*** Begin section ***
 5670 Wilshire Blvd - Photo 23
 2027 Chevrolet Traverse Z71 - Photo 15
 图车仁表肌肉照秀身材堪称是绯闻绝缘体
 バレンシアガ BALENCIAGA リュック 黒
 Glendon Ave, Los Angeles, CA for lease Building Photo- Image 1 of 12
*** End section ***
*** Begin section ***
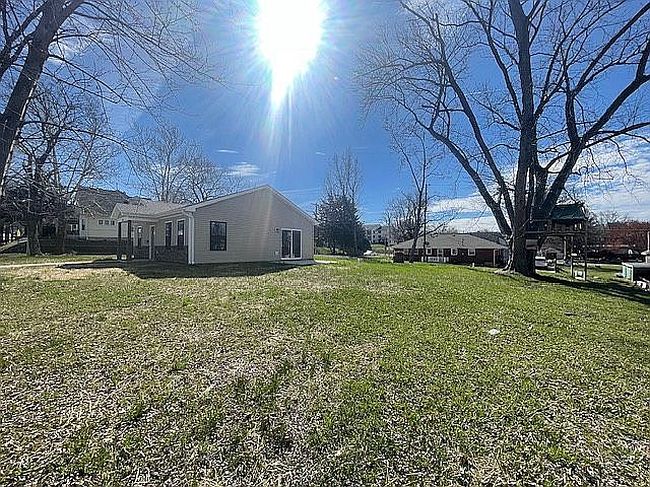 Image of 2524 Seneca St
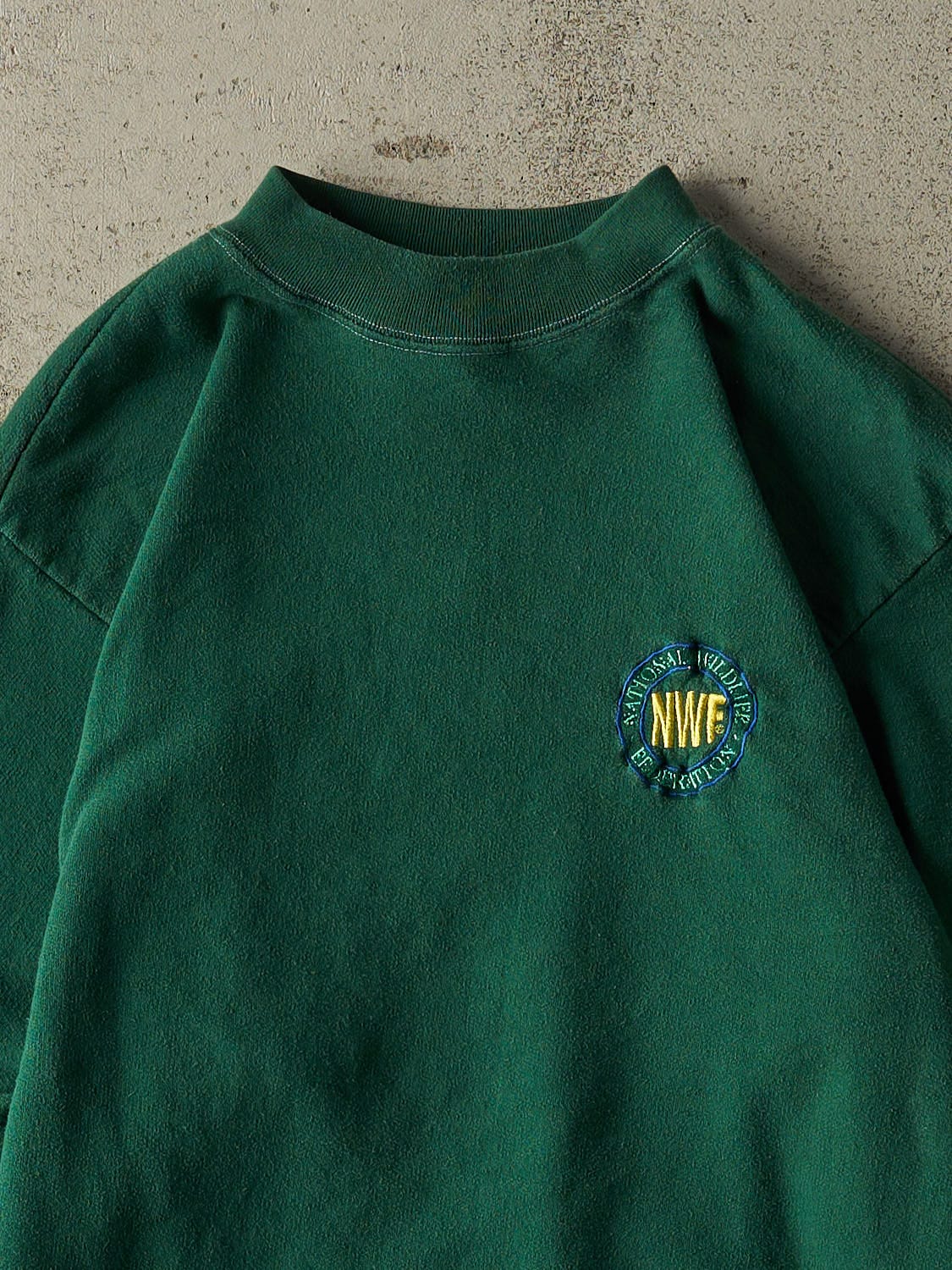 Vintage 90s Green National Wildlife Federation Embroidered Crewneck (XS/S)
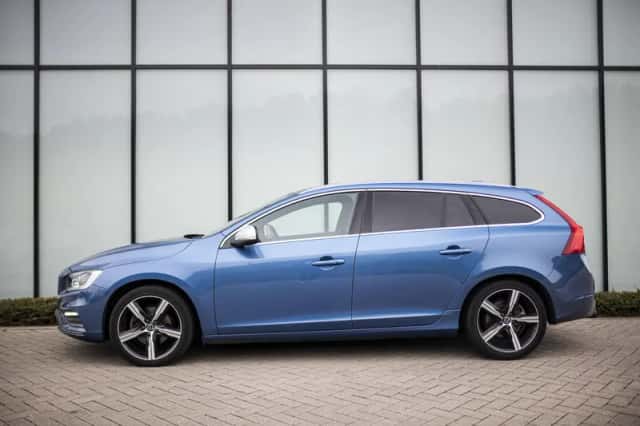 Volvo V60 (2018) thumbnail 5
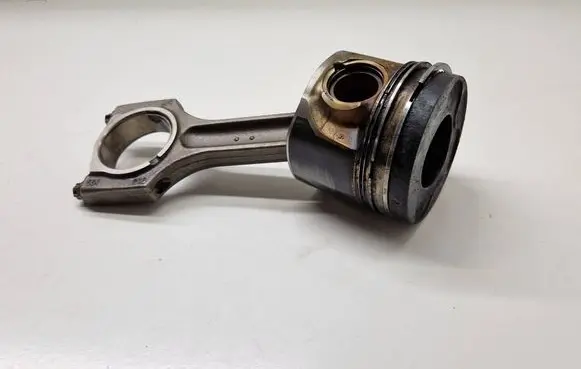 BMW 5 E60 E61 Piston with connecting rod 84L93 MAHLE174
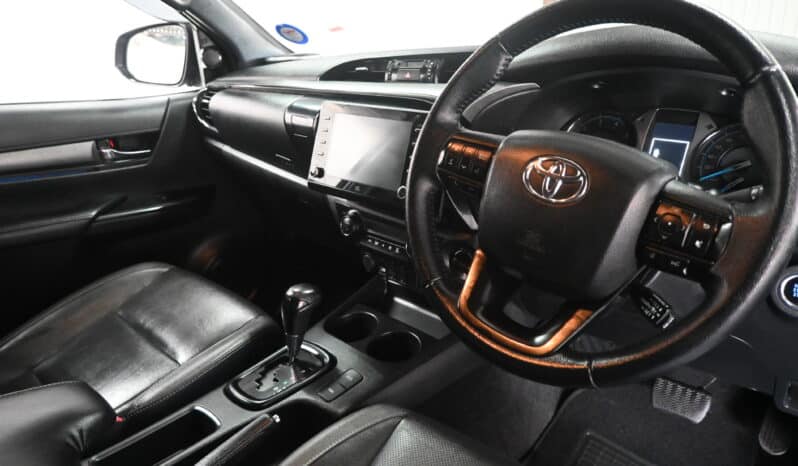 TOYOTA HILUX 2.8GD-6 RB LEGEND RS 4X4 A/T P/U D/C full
*** End section ***
*** Begin section ***
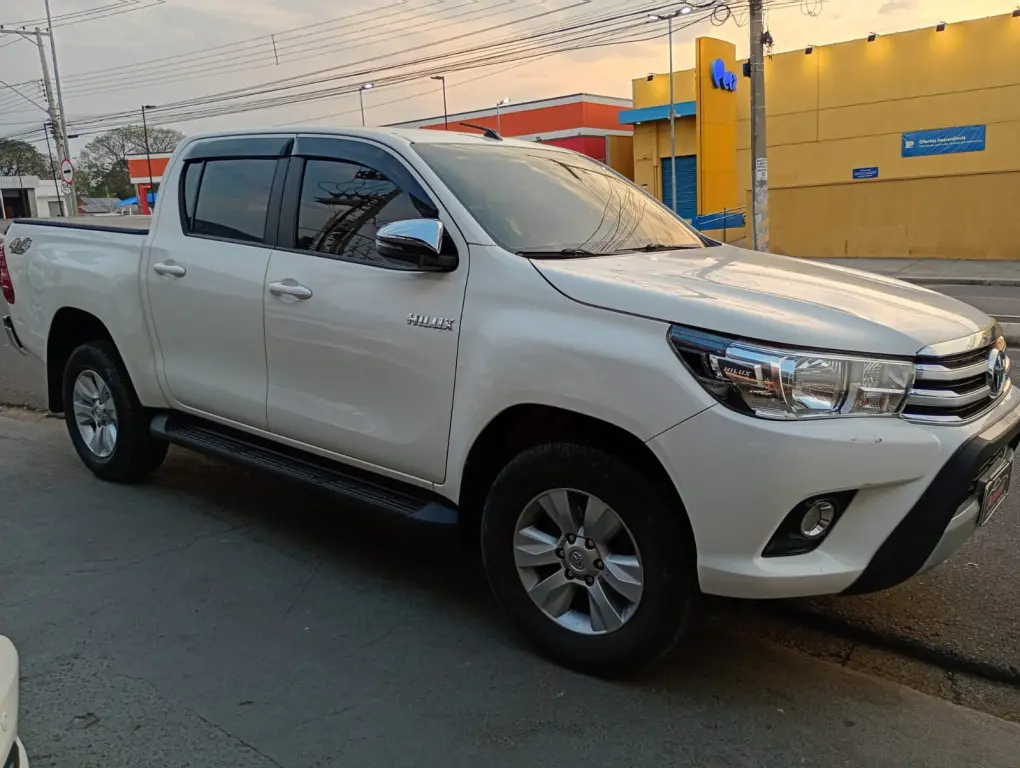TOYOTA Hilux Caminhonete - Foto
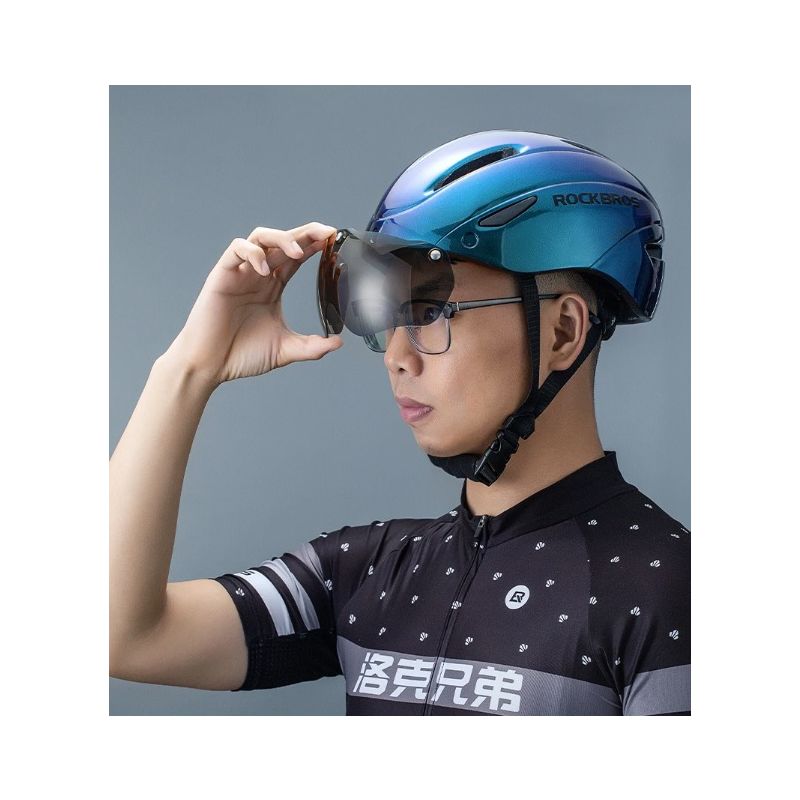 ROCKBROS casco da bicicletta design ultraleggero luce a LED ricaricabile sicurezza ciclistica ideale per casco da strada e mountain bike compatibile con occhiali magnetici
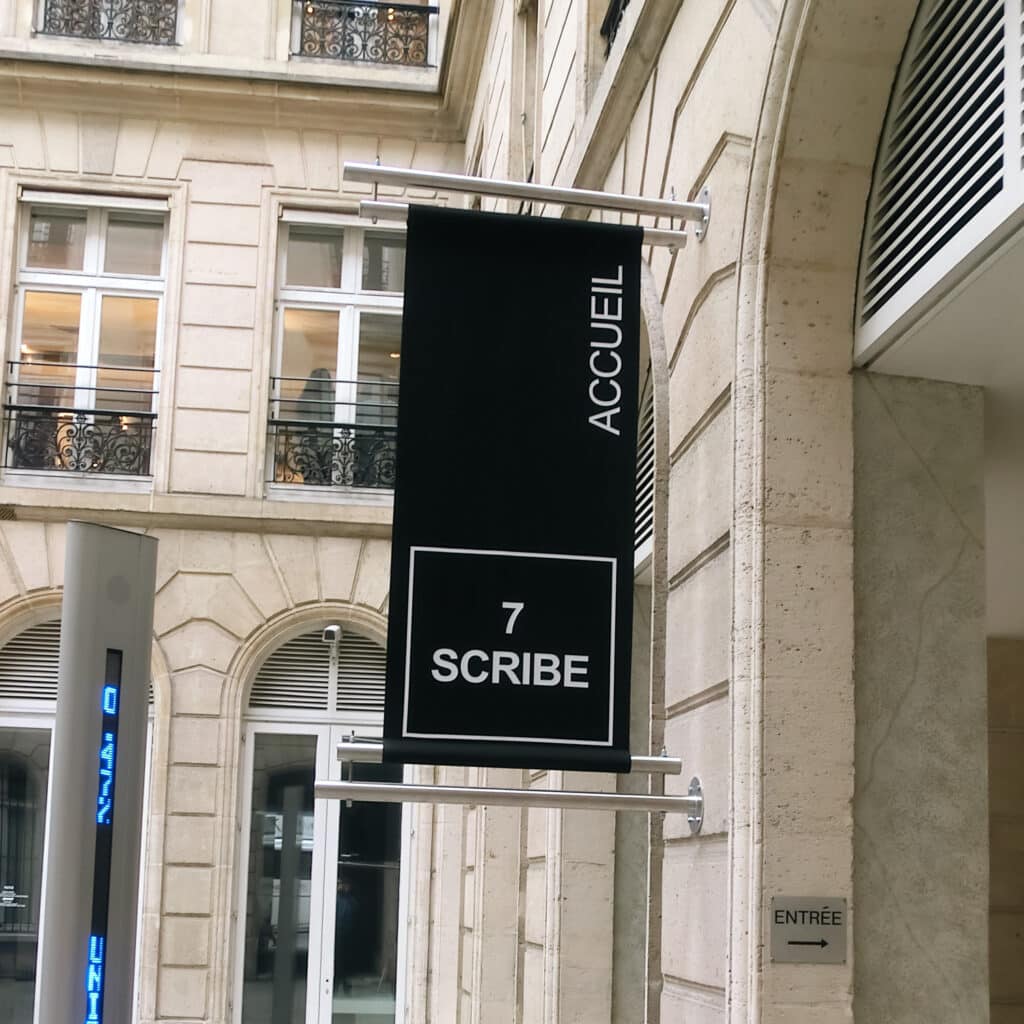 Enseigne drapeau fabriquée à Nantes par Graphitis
*** End section ***
**WHAT YOU NEED TO DO:**
Would you copy every line of the entries that includes the word "Photo"?

**OUTPUT:**
 5670 Wilshire Blvd - Photo 23
 2027 Chevrolet Traverse Z71 - Photo 15
 Glendon Ave, Los Angeles, CA for lease Building Photo- Image 1 of 12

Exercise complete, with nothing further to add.